The jail cell I occupy now is a tad more homey. It is, in fact, home. I’ve got my comfy pillow and my blankets, my slippers, my books, the dogs and cats, The Loved One, heat I can control, and windows I can throw open when it’s glorious out. It’s a hell of a gilded cage.

But it’s a cage nonetheless.

The whole confinement thing has depressed me no end. My world has shrunk to an area of about 1700 square feet. I can walk from the bedroom to the study in fewer than ten seconds — and that’s with me shuffling along on chemoradiation-weakened gams. I’m awfully tired of looking at the same tile pattern, the same pine floor grain, the same pictures on the walls with no variety ever entering into my days. I’d love to see a painting hanging on the wall of IU’s Art Museum, or the shelves of Penguin Classics at the Book Corner, or even a flat-screen TV picture of some stupid soccer game at, say, The Office Lounge on 3rd Street.

Give me anything other than what I have to look at 24 goddamned hours a day here at the Big Mike Correctional Center.

Fortunately, the skies have been brilliant blue and the sunshine radiant gold the last couple of days. I don’t know how I’d feel if these last few days were overcast. I don’t want to know.

Of course, the spectacular weather might even be adding to my misery. I’d love nothing more than to go outside and gambol in the sun. Steve the Dog and I haven’t gone down to Lake Monroe for one of our long walks in months. I haven’t been out in the backyard in just as long.

I see bikers furiously pedaling by on SR 446 outside my study window, preparing for the Little 500 in a couple of weeks. Joggers and walkers pass by too, some of them with their own hounds on leashes. I have the urge to throw the window open and shout to them, “Help me! Get me out of here!” but I don’t think they’d understand.

In any case, what comes as a surprise to me throughout this ordeal is the knowledge that my psyche as well as my bod need care and nurturing. I had no idea this cancer stuff could harm my mind and spirit so profoundly.

Flavor Mire

I crowed from the rooftop (well, on social media at least) yesterday about at last being able to get a half bowl of creamy butternut squash soup down my gullet. Now, this is a big deal for someone who hasn’t swallowed in better than a month. I’m told I could even have lost the ability to swallow and would have to learn, with the help — believe it or not — of the radiation center’s Swallow Team, how to do it all over again.

For a veteran trencherman such as I, learning how to gulp anything would seem to be something written large and deep in my genes, but apparently not.
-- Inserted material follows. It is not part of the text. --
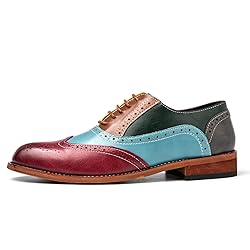 HuitJours Men Oxford Gatsby Lace up Dress Shoes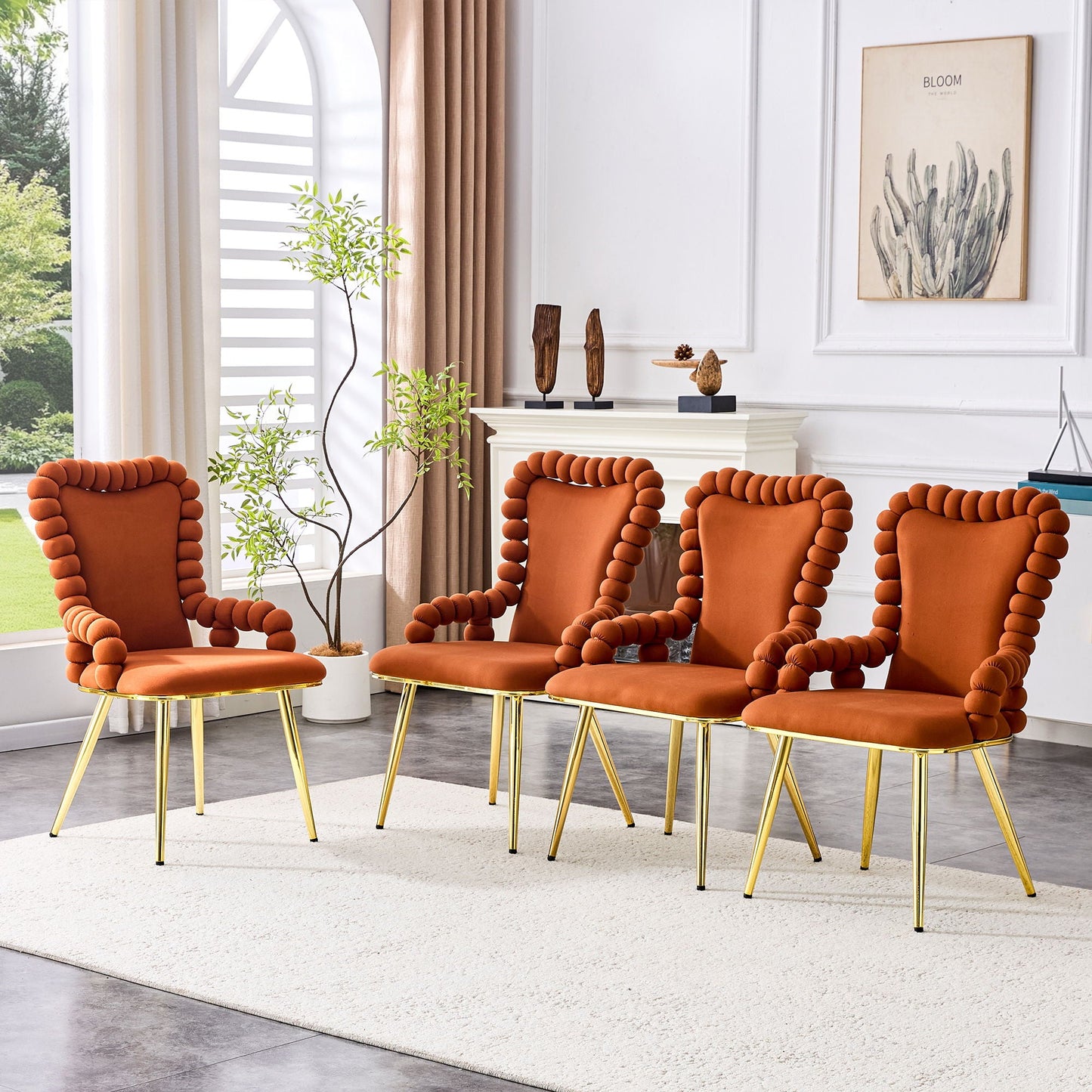 Puffy Bubble, Ball Chain Chair With Armrests For Dining Room (Set of 2)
In any case, the soup slid down as if it somehow knew it belonged in my belly. Home, as it were. The problem was, it was the most foul tasting stuff I can recall ever introducing into my facehole. The soup, per se, is fine, see. It’s one of the the aftereffects of chemotherapy that change a guy’s taste for a while after treatment. My taste is abominable at this point in time.

Sadly, I doubt if I’ll ever be able to eat that specific flavor of Pacific brand boxed soup again. The whole association thing, you know. A small sacrifice, I’d say, for the sake of experimenting to make sure I don’t forget how to swallow.